Press Release: IMF Approves Third Annual ESAF Loan for Lao People's Democratic Republic
May 8, 1996
The International Monetary Fund (IMF) today approved the third annual loan under the enhanced structural adjustment facility (ESAF)1 for the Lao People's Democratic Republic in an amount equivalent to SDR 11.73 million (about $17 million) to support the Government's economic reforms in 1996. The loan is available in two equal semiannual installments; the first of which is due in mid-May.
The Lao P.D.R. is transforming itself from a centrally planned to a market-oriented economy via a medium-term program aimed at strengthening macroeconomic stability while putting in place a wide range of structural measures to improve the efficiency of the domestic economy and to open it up through trade and tariff reform. These adjustment efforts have been supported by the IMF since 1989, and, as a result, the Lao P.D.R. has experienced a strong expansion of private investment and rapid export growth.

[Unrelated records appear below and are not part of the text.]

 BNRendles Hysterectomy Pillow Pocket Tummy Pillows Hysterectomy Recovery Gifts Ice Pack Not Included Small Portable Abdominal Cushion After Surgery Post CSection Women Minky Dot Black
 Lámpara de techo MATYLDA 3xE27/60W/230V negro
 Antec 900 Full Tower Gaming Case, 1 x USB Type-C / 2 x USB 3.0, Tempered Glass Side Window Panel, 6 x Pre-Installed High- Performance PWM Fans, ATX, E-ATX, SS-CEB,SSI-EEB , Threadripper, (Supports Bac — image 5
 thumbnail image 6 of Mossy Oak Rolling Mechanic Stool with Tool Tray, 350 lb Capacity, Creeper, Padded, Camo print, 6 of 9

Loose monetary conditions in late 1994 and early 1995, however, contributed to a period of sharply rising prices, exchange restrictions, and a weakened exchange rate. From mid-1995, the authorities tightened fiscal and monetary policies. These measures brought inflation back under control and stabilized the exchange rate, which in turn led to a subsequent elimination of exchange restrictions.
The 1996 Program
The focus of the 1996 program is to maintain macroeconomic stability through enhanced fiscal discipline and tight monetary policy. The macroeconomic objectives include maintaining real GDP growth at about 7.5 percent, reducing inflation to about 7.5 percent by end of the period, containing the external current account deficit (excluding grants) to below 14 percent of GDP, and increasing reserves to the equivalent of three months of imports by the end of the year.

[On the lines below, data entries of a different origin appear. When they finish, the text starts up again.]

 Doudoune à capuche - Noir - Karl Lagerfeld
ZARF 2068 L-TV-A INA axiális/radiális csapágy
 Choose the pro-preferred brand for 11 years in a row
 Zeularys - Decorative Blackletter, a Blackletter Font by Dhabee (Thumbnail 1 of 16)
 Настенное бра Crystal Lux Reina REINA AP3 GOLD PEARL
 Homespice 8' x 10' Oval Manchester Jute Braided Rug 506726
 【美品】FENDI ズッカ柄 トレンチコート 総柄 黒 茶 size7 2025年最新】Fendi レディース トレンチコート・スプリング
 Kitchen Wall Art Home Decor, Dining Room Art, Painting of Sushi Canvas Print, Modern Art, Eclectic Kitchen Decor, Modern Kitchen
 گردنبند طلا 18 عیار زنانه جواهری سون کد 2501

To achieve these objectives, the authorities plan to continue to pursue tight fiscal and monetary policies to ensure that inflation substantially decreases, and the exchange rate stabilizes. Fiscal targets for the year include an overall deficit (before grants) of 9.5 percent of GDP. Revenue is set to remain constant at 12.5 percent of GDP as a result of tighter surveillance of customs revenues, increased excise duties on cigarettes and alcohol, and adoption of a market-based exchange rate for tax valuation purposes. Current expenditure will be restrained through tight control over the wage bill and spending on material and supplies. At the same time, the implementation of a public expenditure review will assist the Government in better determining the country's expenditure needs, avoiding projects with little social or economic return, and identifying institutional constraints in the budgetary and planning process. On the monetary side, the authorities aim at containing broad money growth to 23 percent during 1996 through a combination of direct and indirect instruments.
After privatizing about 90 percent of public enterprises, the Government has retained 32 strategic enterprises in the public sector, but will operate them on a commercial basis. The remaining enterprises will be privatized by end-1997. A reform of the civil service will focus on retraining and reallocating staff and applying competitive entrance procedures. The management, accounting, and credit practices of state-owned banks will also be strengthened. Beginning in 1996, external audits of all commercial banks will be conducted annually by independent auditors, and, as part of the efforts to strengthen bank supervision, a set of prudential guidelines will be promulgated in the course of 1996.
The authorities also intend to accelerate the strengthening of the legal framework to support the ongoing structural changes in the economy. Priorities for 1996 will be to facilitate the development of a sound financial system, including legislation on negotiable instruments. The framework will also define legal rights to land use, establish parcel boundaries, and provide registration titles through a land titling project.
Addressing Social Issues
The Government intends to encourage a broad geographic base for economic activity so that the benefits will be reaped by all regions of the country. These efforts would be supplemented by the improved provision of essential social and economic infrastructure to enable the poor to strengthen their earning potential. In particular, the public investment program would, in line with available resources, accord greater emphasis to strengthening social services and human resource development.
The Challenge Ahead
Prospects are good for continued growth in the Lao P.D.R. in 1996, with a recovery in its rice production and a buoyant private sector. However, containing demand pressures and accelerating structural reforms will constitute the main challenges facing the authorities.
The Lao P.D.R. joined the IMF on July 5, 1961, and its quota2 is SDR 39.1 million (about $57 million). Its outstanding use of IMF credit currently totals SDR 42 million (about $61 million).
Sources: Lao P.D.R. authorities; and IMF staff estimates.
1. The ESAF (enhanced structural adjustment facility) is a concessional IMF facility for assisting eligible members that are undertaking reform programs to strengthen their balance of payments and improve their growth prospects. ESAF loans carry an interest rate of 0.5 percent and are repayable over 10 years, with a 5-1/2-year grace period.
2. A member's quota in the IMF determines, in particular, the amount of its subscription, its voting weight, its access to IMF financing, and its allocation of SDRs.